Un dialogo (inaspettato) lo avevano avviato in tempi non sospetti. Era luglio scorso quando il sindaco di Salerno, Vincenzo De Luca, già proiettato ad autocandidarsi alla guida della Regione Campania, dichiarava pubblicamente che fosse “fondamentale collaborare con il sindaco di Napoli“. Puntuale, il collega Luigi de Magistris che, alla festa dell’Unità, replicava così: “De Luca ha posto un tema quasi ovvio. Dialogare col sindaco di Napoli è normale”.
In comune, a luglio, l’ex segretario del Pci salernitano e l’ex pubblico ministero avevano (e hanno ancora) una sorta di idiosincrasia per il Pd di Andrea Cozzolino e di Pina Picierno. Adesso, dopo due mesi, i loro destini sembrano incrociarsi di nuovo lungo la strada della giustizia. E per entrambi in ballo sono finite le rispettive fasce tricolore.
Il “De” (Luca) grande, tra due giorni, rischia di vedersi confermata la decadenza da sindaco dalla Corte d’Appello di Salerno per via del doppio incarico (sindaco-viceministro) ai tempi del governo Letta.
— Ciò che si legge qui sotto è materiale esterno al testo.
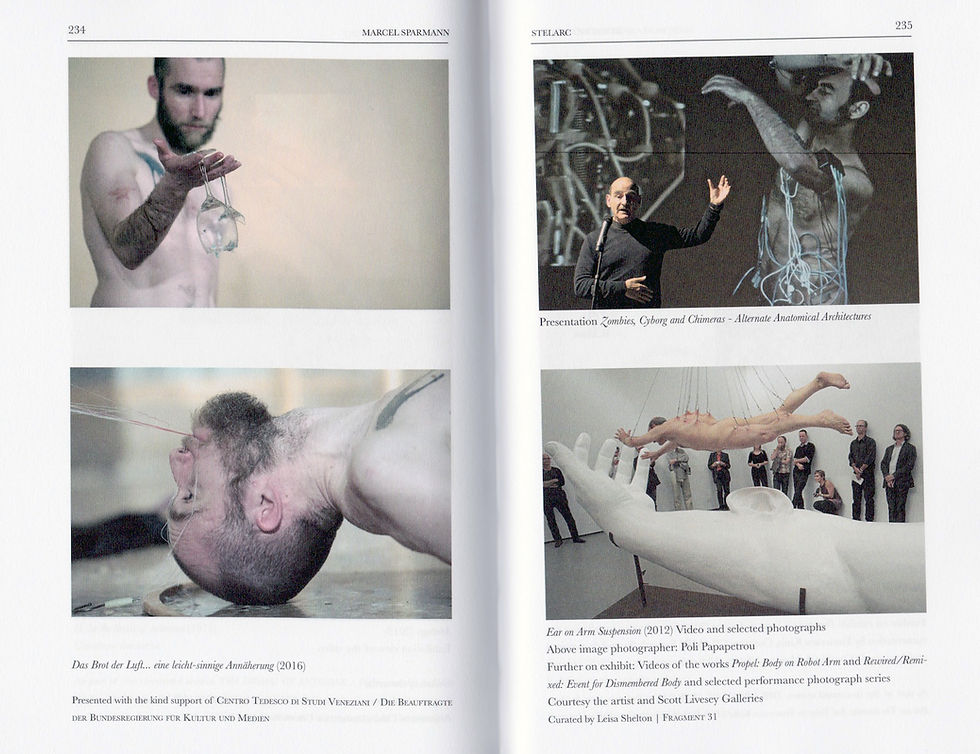 Thumbnail: III Venice International Performance Art Week 2016 Fragile Body – Material Body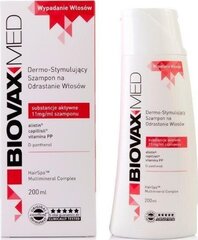 Plaukų augimą skatinantis šampūnas L'biotica Biovax Med Dermo-stimulating Hair Regrowth, 200 ml kaina ir informacija | Biovax Kvepalai, kosmetika | pigu.lt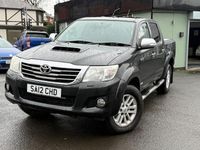 Used Toyota HiLux 2012 Black Pickup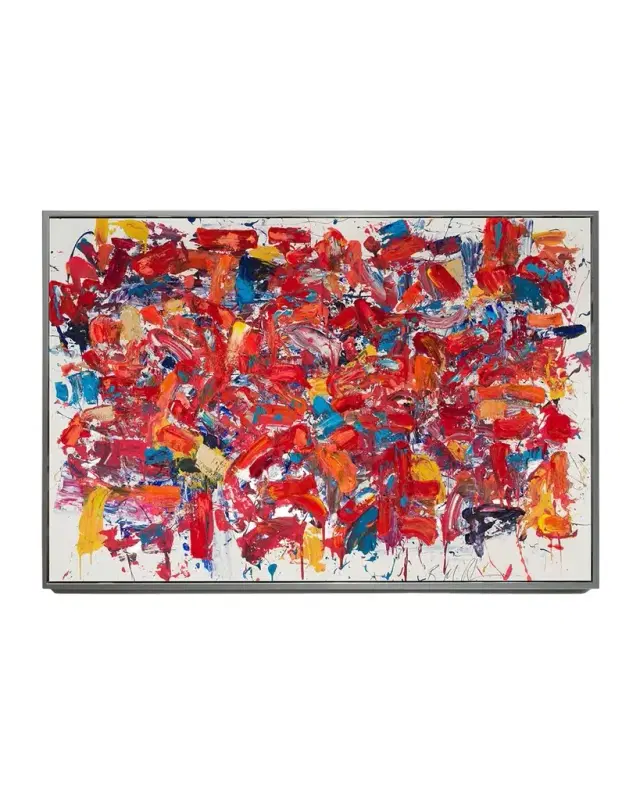 RFA Fine Art "Reds" Giclee Art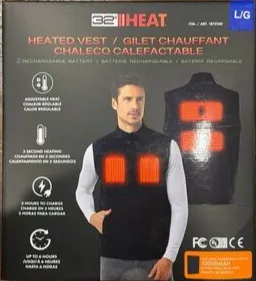 32 Degrees Heated Vest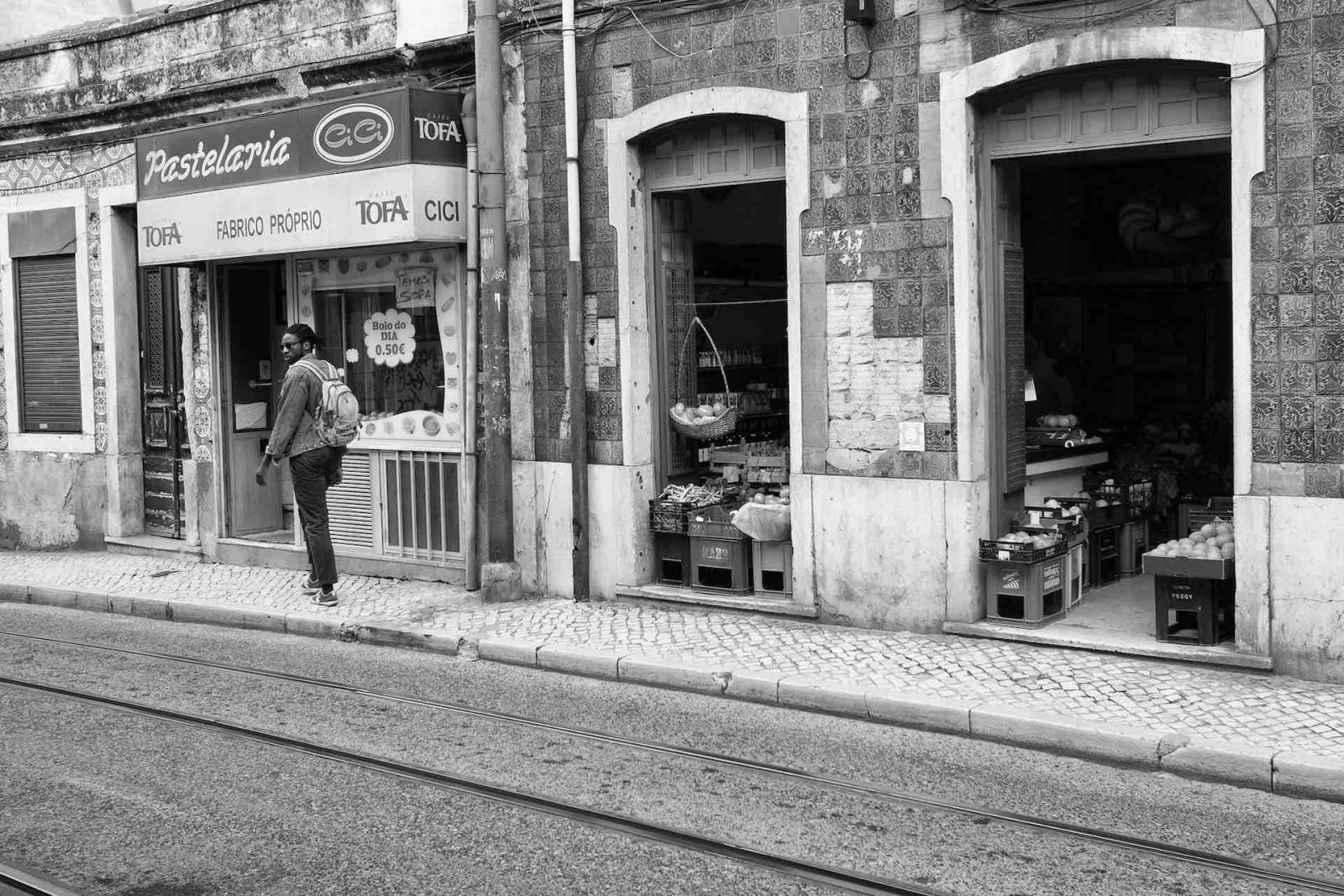 A pastry shop Lisbon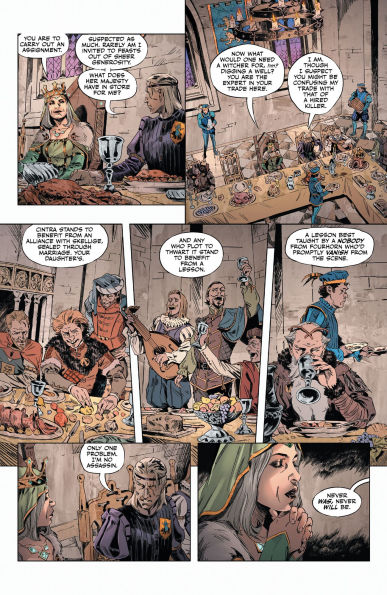 Andrzej Sapkowski's The Witcher: A Question of Price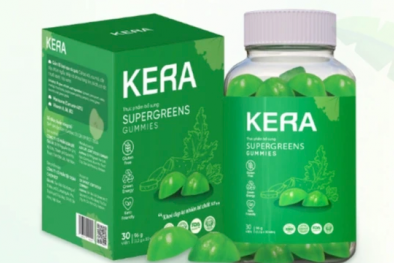 Bác sĩ cảnh báo tác hại của chất sorbitol trong kẹo Kera với người mắc bệnh nền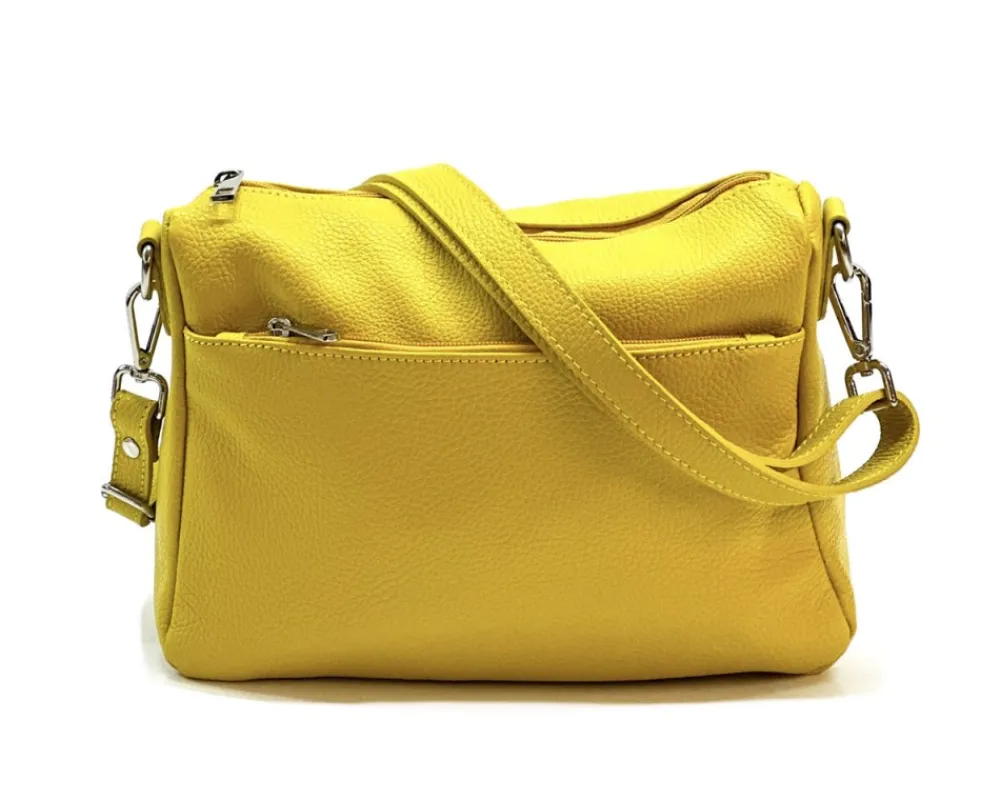 Gianluigi cross body cow leather bag*Florence Best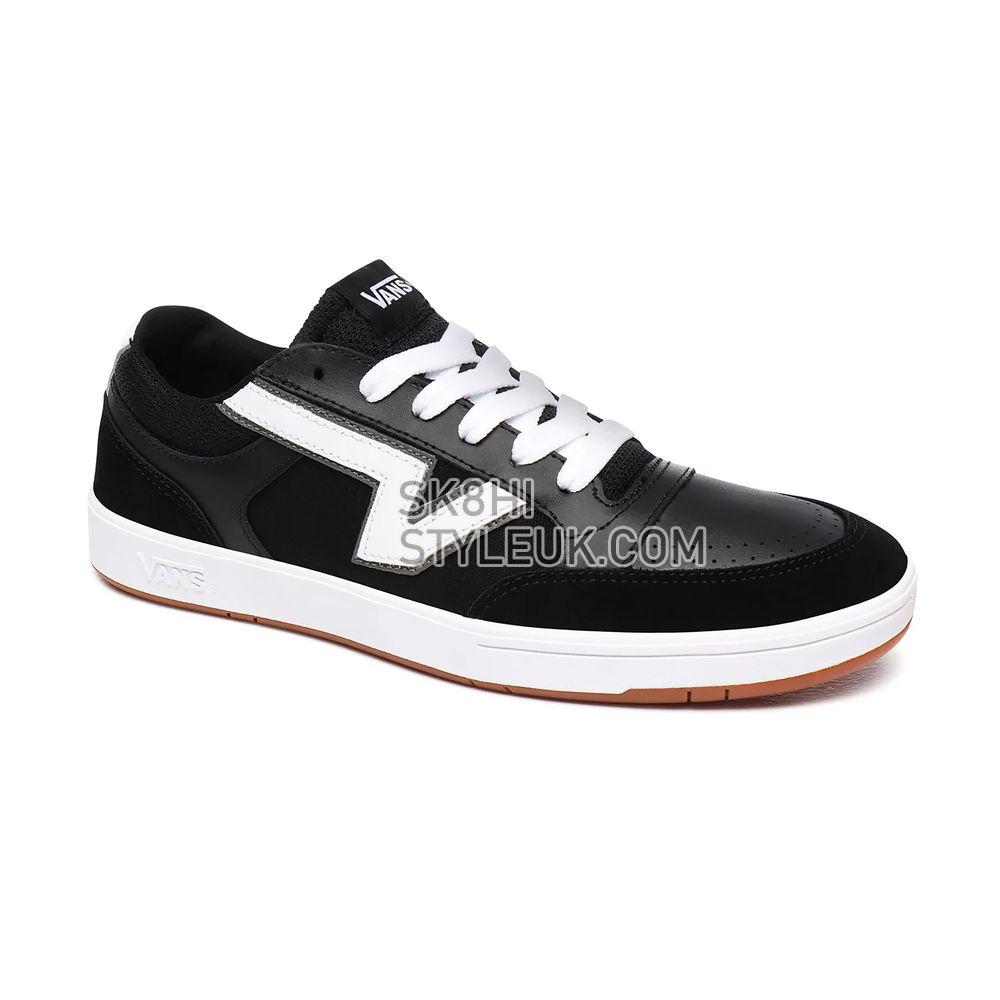 Vans Lowland CC Mens Womens - Black/True White VN0A4TZYOS7 Shoes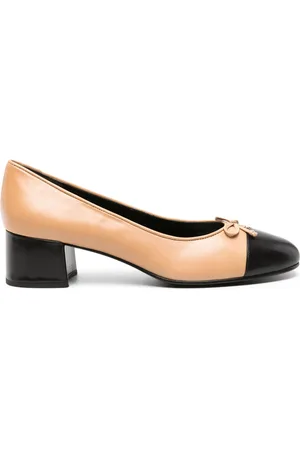 Tory Burch Zapatillas Cap-Toe con tacón de 45mm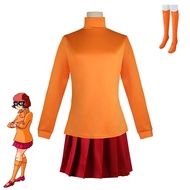 Scooby-doo Dog Wilma cos Costume Shaki cosplay Costume Daphne cosplay Halloween Costume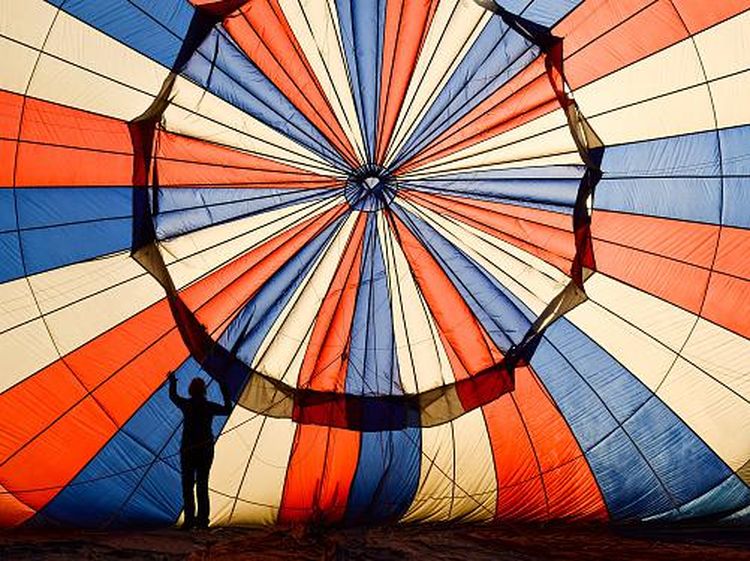 Melihat Lebih Dekat Festival Balon Udara di Bristol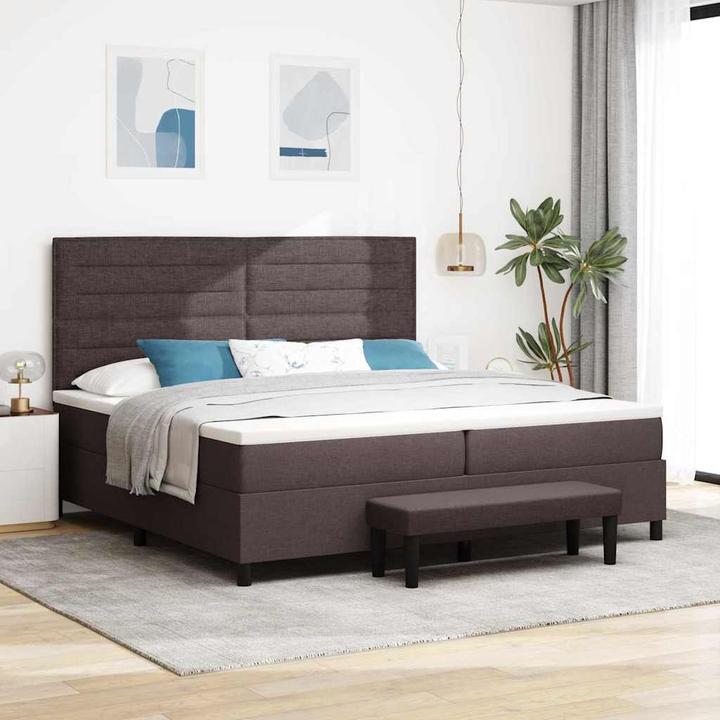 Image du produit vidaXL Boxspringbett (200 x 200 cm)
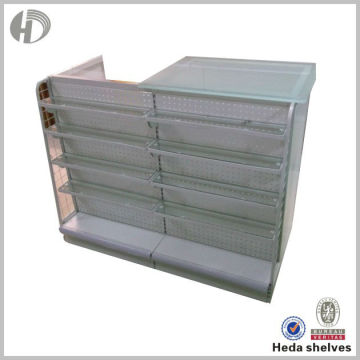 White Grass Penal supermarket checkout counter/Checeout counter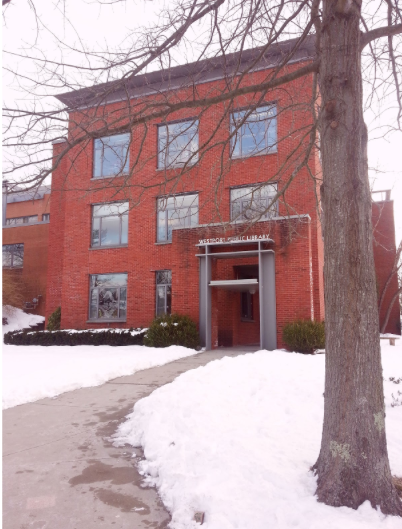 Students discover the nooks and crannies of the Westport Public Library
Salvo, ovviamente, ennesimi rinvii – che qualche indiscrezione ha già lasciato trapelare – ancorati a cavilli giudiziari spulciati nei libri di diritto e nei codici da quando (quasi un anno fa) il Tribunale di primo grado ne ha dichiarato la decadenza.
Il “de” (Magistris) piccolo, di suo, ha una recente sentenza di condanna (pena sospesa) a quindici mesi dal Tribunale di Roma sul caso Genchi-Why Not e le interecettazioni su parlamentari, ex ministri (Clemente Mastella) e ex premier (Romano Prodi) non autorizzate dalla Giunta per le autorizzazioni della Camera dei Deputati, che lo costringerebbe a dimettersi per evitare la sospensione dettata dalla legge Severino.
Il “De” grande continua a fare il sindaco a Salerno, tenendo sempre lo sguardo rivolto a Palazzo Santa Lucia. Non ha nessuna intenzione di mollare le sue mire ed è già pronto a ricorrere in Cassazione pur di raggiungere il suo obiettivo.
Il “de” piccolo, sulla stessa scia del “De” grande, non ha nessuna voglia di lasciare Palazzo San Giacomo. Anzi, a chi glielo ha chiesto, ha risposto duro: “Sentenza vergognosa, gravissima ed ingiusta. Dovrebbe dimettersi chi mi ha condannato”. I giudici, cioè?
Il “De” grande dimentica che le conseguenze derivanti da continui rinvii e tardate decisioni potrebbero avere influenze sull’amministrazione della città che governa da venti anni e sulla sua aspirazione a candidarsi alle regionali. Il Pd di Matteo Renzi, per quanto spaccato al suo interno, non si fece molti scrupoli a cancellarlo dalla lista dei ministri del premier-segretario.
Altrettanto sembra fare il “de” piccolo, che non ricorda quanti suoi ex colleghi siano stati condannati per via dello scontro tra le procure di Salerno e Catanzaro nato dalle sue denunce (quasi tutte archiviate) dopo l’avocazione delle indagini Why Not e Poseidone. L’ex capo di Salerno, Luigi Apicella, fu sospeso dalle funzioni di magistrato e obbligato dal Csm a rinunciare alla pensione: adesso fa l’avvocato. L’ex pm Gabriella Nuzzi fu trasferita a Latina e perse le funzioni requirenti: ora è magistrato giudicante. Stesso verdetto per Luigi Verasani: giudicante trasferito a Cassino.
I due sindaci hanno adesso una nuova battaglia che li unisce, che non si chiama Pd ma giustizia, e la giustizia è uguale per tutti. O così dovrebbe essere. A meno che non ci si voglia invocare un pesante precedente giudiziario: quello di Silvio Berlusconi sospeso da senatore dopo una votazione lunga ed estenuante.